All of the entries need to be written out again, exactly as they are.

◆ ◆ ◆ ◆ ◆

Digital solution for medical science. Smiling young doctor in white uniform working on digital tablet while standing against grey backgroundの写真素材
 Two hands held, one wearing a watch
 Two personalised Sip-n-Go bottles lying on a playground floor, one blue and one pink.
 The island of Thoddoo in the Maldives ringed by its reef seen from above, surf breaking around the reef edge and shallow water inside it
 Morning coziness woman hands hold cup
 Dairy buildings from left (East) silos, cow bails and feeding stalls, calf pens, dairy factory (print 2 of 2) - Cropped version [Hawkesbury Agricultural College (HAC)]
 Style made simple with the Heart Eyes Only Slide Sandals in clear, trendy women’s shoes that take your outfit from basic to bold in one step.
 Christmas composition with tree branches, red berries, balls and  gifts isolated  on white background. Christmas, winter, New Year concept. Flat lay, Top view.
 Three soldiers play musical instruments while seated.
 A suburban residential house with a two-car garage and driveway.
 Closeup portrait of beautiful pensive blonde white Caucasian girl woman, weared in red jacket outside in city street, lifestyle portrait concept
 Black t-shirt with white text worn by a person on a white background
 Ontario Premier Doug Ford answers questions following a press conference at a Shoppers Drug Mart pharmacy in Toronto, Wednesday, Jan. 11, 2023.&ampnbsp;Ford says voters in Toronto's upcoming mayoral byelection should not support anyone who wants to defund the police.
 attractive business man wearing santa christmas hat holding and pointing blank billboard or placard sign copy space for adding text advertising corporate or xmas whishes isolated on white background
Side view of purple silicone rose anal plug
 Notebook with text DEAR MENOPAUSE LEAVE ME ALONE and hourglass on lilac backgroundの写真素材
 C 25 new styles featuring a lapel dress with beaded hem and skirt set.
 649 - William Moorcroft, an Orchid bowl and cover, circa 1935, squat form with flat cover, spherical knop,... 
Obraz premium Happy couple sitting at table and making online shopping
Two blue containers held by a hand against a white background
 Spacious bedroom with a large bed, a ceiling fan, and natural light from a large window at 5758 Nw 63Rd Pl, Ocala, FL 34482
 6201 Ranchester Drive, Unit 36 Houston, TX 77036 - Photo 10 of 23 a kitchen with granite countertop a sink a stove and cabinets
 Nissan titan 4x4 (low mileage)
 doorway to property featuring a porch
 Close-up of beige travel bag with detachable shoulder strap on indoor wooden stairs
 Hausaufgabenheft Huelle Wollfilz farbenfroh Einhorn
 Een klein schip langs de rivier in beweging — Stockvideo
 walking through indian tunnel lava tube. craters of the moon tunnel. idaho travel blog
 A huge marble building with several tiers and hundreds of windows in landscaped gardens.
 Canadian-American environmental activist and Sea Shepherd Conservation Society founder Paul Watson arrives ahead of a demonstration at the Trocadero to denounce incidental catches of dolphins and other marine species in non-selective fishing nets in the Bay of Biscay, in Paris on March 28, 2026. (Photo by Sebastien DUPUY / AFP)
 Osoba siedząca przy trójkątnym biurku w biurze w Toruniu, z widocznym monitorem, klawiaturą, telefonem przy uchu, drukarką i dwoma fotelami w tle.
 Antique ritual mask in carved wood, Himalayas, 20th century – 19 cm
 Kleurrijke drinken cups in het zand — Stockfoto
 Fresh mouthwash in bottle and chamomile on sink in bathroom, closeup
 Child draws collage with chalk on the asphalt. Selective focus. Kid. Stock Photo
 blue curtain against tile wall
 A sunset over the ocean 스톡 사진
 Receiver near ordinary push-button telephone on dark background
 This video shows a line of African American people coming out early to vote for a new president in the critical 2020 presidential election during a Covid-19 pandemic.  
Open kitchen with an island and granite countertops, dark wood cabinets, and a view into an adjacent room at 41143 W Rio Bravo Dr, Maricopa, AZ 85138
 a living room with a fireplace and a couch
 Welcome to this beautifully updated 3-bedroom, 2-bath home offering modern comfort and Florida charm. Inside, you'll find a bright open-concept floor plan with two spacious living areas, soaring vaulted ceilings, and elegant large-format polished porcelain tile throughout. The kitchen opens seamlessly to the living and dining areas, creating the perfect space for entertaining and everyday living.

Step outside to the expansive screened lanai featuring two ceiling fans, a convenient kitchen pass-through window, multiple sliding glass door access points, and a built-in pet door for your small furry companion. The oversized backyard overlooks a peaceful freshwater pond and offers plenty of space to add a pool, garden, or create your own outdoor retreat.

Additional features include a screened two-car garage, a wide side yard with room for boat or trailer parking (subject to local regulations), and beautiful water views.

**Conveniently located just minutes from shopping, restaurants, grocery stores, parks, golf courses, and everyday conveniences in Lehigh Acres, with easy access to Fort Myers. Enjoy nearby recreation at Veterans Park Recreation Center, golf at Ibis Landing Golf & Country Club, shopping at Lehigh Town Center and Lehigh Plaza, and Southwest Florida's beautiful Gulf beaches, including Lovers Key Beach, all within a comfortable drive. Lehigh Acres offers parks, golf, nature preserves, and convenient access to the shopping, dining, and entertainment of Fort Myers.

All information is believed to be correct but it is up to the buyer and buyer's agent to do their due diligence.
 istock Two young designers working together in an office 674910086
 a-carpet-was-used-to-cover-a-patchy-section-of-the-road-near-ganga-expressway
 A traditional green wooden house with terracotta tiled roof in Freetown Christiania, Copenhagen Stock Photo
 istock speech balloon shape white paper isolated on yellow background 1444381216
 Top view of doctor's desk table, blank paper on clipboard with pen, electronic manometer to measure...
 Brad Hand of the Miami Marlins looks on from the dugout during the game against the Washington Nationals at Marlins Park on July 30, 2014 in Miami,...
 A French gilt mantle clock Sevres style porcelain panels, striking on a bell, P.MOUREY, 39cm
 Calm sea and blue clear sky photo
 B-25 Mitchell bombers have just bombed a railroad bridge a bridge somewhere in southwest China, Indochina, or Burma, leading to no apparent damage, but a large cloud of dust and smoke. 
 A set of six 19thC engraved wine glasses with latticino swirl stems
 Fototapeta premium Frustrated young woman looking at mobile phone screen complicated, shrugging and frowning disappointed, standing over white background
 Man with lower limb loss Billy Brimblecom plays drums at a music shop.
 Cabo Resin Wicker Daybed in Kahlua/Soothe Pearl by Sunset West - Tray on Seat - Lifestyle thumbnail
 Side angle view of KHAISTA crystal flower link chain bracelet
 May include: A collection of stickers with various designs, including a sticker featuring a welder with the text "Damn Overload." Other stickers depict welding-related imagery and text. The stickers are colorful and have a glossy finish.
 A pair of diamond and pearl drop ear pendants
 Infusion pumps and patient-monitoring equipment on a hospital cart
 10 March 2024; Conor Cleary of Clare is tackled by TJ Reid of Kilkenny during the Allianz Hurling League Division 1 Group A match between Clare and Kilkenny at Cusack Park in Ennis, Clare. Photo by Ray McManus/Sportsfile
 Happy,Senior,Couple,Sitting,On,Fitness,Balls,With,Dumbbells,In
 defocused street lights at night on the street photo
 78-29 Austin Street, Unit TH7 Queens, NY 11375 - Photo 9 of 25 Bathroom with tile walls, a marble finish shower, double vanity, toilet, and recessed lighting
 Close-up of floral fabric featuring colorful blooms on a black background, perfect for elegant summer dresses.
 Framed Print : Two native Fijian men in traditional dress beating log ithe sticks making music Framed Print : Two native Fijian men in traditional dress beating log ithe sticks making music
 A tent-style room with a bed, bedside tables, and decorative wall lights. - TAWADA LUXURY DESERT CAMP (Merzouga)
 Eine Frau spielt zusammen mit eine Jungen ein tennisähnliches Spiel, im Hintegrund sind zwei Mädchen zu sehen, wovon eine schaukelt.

◆ ◆ ◆ ◆ ◆

Answer area:
Digital solution for medical science. Smiling young doctor in white uniform working on digital tablet while standing against grey backgroundの写真素材
 Two hands held, one wearing a watch
 Two personalised Sip-n-Go bottles lying on a playground floor, one blue and one pink.
 The island of Thoddoo in the Maldives ringed by its reef seen from above, surf breaking around the reef edge and shallow water inside it
 Morning coziness woman hands hold cup
 Dairy buildings from left (East) silos, cow bails and feeding stalls, calf pens, dairy factory (print 2 of 2) - Cropped version [Hawkesbury Agricultural College (HAC)]
 Style made simple with the Heart Eyes Only Slide Sandals in clear, trendy women’s shoes that take your outfit from basic to bold in one step.
 Christmas composition with tree branches, red berries, balls and  gifts isolated  on white background. Christmas, winter, New Year concept. Flat lay, Top view.
 Three soldiers play musical instruments while seated.
 A suburban residential house with a two-car garage and driveway.
 Closeup portrait of beautiful pensive blonde white Caucasian girl woman, weared in red jacket outside in city street, lifestyle portrait concept
 Black t-shirt with white text worn by a person on a white background
 Ontario Premier Doug Ford answers questions following a press conference at a Shoppers Drug Mart pharmacy in Toronto, Wednesday, Jan. 11, 2023.&ampnbsp;Ford says voters in Toronto's upcoming mayoral byelection should not support anyone who wants to defund the police.
 attractive business man wearing santa christmas hat holding and pointing blank billboard or placard sign copy space for adding text advertising corporate or xmas whishes isolated on white background
Side view of purple silicone rose anal plug
 Notebook with text DEAR MENOPAUSE LEAVE ME ALONE and hourglass on lilac backgroundの写真素材
 C 25 new styles featuring a lapel dress with beaded hem and skirt set.
 649 - William Moorcroft, an Orchid bowl and cover, circa 1935, squat form with flat cover, spherical knop,... 
Obraz premium Happy couple sitting at table and making online shopping
Two blue containers held by a hand against a white background
 Spacious bedroom with a large bed, a ceiling fan, and natural light from a large window at 5758 Nw 63Rd Pl, Ocala, FL 34482
 6201 Ranchester Drive, Unit 36 Houston, TX 77036 - Photo 10 of 23 a kitchen with granite countertop a sink a stove and cabinets
 Nissan titan 4x4 (low mileage)
 doorway to property featuring a porch
 Close-up of beige travel bag with detachable shoulder strap on indoor wooden stairs
 Hausaufgabenheft Huelle Wollfilz farbenfroh Einhorn
 Een klein schip langs de rivier in beweging — Stockvideo
 walking through indian tunnel lava tube. craters of the moon tunnel. idaho travel blog
 A huge marble building with several tiers and hundreds of windows in landscaped gardens.
 Canadian-American environmental activist and Sea Shepherd Conservation Society founder Paul Watson arrives ahead of a demonstration at the Trocadero to denounce incidental catches of dolphins and other marine species in non-selective fishing nets in the Bay of Biscay, in Paris on March 28, 2026. (Photo by Sebastien DUPUY / AFP)
 Osoba siedząca przy trójkątnym biurku w biurze w Toruniu, z widocznym monitorem, klawiaturą, telefonem przy uchu, drukarką i dwoma fotelami w tle.
 Antique ritual mask in carved wood, Himalayas, 20th century – 19 cm
 Kleurrijke drinken cups in het zand — Stockfoto
 Fresh mouthwash in bottle and chamomile on sink in bathroom, closeup
 Child draws collage with chalk on the asphalt. Selective focus. Kid. Stock Photo
 blue curtain against tile wall
 A sunset over the ocean 스톡 사진
 Receiver near ordinary push-button telephone on dark background
 This video shows a line of African American people coming out early to vote for a new president in the critical 2020 presidential election during a Covid-19 pandemic.  
Open kitchen with an island and granite countertops, dark wood cabinets, and a view into an adjacent room at 41143 W Rio Bravo Dr, Maricopa, AZ 85138
 a living room with a fireplace and a couch
 Welcome to this beautifully updated 3-bedroom, 2-bath home offering modern comfort and Florida charm. Inside, you'll find a bright open-concept floor plan with two spacious living areas, soaring vaulted ceilings, and elegant large-format polished porcelain tile throughout. The kitchen opens seamlessly to the living and dining areas, creating the perfect space for entertaining and everyday living.

Step outside to the expansive screened lanai featuring two ceiling fans, a convenient kitchen pass-through window, multiple sliding glass door access points, and a built-in pet door for your small furry companion. The oversized backyard overlooks a peaceful freshwater pond and offers plenty of space to add a pool, garden, or create your own outdoor retreat.

Additional features include a screened two-car garage, a wide side yard with room for boat or trailer parking (subject to local regulations), and beautiful water views.

**Conveniently located just minutes from shopping, restaurants, grocery stores, parks, golf courses, and everyday conveniences in Lehigh Acres, with easy access to Fort Myers. Enjoy nearby recreation at Veterans Park Recreation Center, golf at Ibis Landing Golf & Country Club, shopping at Lehigh Town Center and Lehigh Plaza, and Southwest Florida's beautiful Gulf beaches, including Lovers Key Beach, all within a comfortable drive. Lehigh Acres offers parks, golf, nature preserves, and convenient access to the shopping, dining, and entertainment of Fort Myers.

All information is believed to be correct but it is up to the buyer and buyer's agent to do their due diligence.
 istock Two young designers working together in an office 674910086
 a-carpet-was-used-to-cover-a-patchy-section-of-the-road-near-ganga-expressway
 A traditional green wooden house with terracotta tiled roof in Freetown Christiania, Copenhagen Stock Photo
 istock speech balloon shape white paper isolated on yellow background 1444381216
 Top view of doctor's desk table, blank paper on clipboard with pen, electronic manometer to measure...
 Brad Hand of the Miami Marlins looks on from the dugout during the game against the Washington Nationals at Marlins Park on July 30, 2014 in Miami,...
 A French gilt mantle clock Sevres style porcelain panels, striking on a bell, P.MOUREY, 39cm
 Calm sea and blue clear sky photo
 B-25 Mitchell bombers have just bombed a railroad bridge a bridge somewhere in southwest China, Indochina, or Burma, leading to no apparent damage, but a large cloud of dust and smoke. 
 A set of six 19thC engraved wine glasses with latticino swirl stems
 Fototapeta premium Frustrated young woman looking at mobile phone screen complicated, shrugging and frowning disappointed, standing over white background
 Man with lower limb loss Billy Brimblecom plays drums at a music shop.
 Cabo Resin Wicker Daybed in Kahlua/Soothe Pearl by Sunset West - Tray on Seat - Lifestyle thumbnail
 Side angle view of KHAISTA crystal flower link chain bracelet
 May include: A collection of stickers with various designs, including a sticker featuring a welder with the text "Damn Overload." Other stickers depict welding-related imagery and text. The stickers are colorful and have a glossy finish.
 A pair of diamond and pearl drop ear pendants
 Infusion pumps and patient-monitoring equipment on a hospital cart
 10 March 2024; Conor Cleary of Clare is tackled by TJ Reid of Kilkenny during the Allianz Hurling League Division 1 Group A match between Clare and Kilkenny at Cusack Park in Ennis, Clare. Photo by Ray McManus/Sportsfile
 Happy,Senior,Couple,Sitting,On,Fitness,Balls,With,Dumbbells,In
 defocused street lights at night on the street photo
 78-29 Austin Street, Unit TH7 Queens, NY 11375 - Photo 9 of 25 Bathroom with tile walls, a marble finish shower, double vanity, toilet, and recessed lighting
 Close-up of floral fabric featuring colorful blooms on a black background, perfect for elegant summer dresses.
 Framed Print : Two native Fijian men in traditional dress beating log ithe sticks making music Framed Print : Two native Fijian men in traditional dress beating log ithe sticks making music
 A tent-style room with a bed, bedside tables, and decorative wall lights. - TAWADA LUXURY DESERT CAMP (Merzouga)
 Eine Frau spielt zusammen mit eine Jungen ein tennisähnliches Spiel, im Hintegrund sind zwei Mädchen zu sehen, wovon eine schaukelt.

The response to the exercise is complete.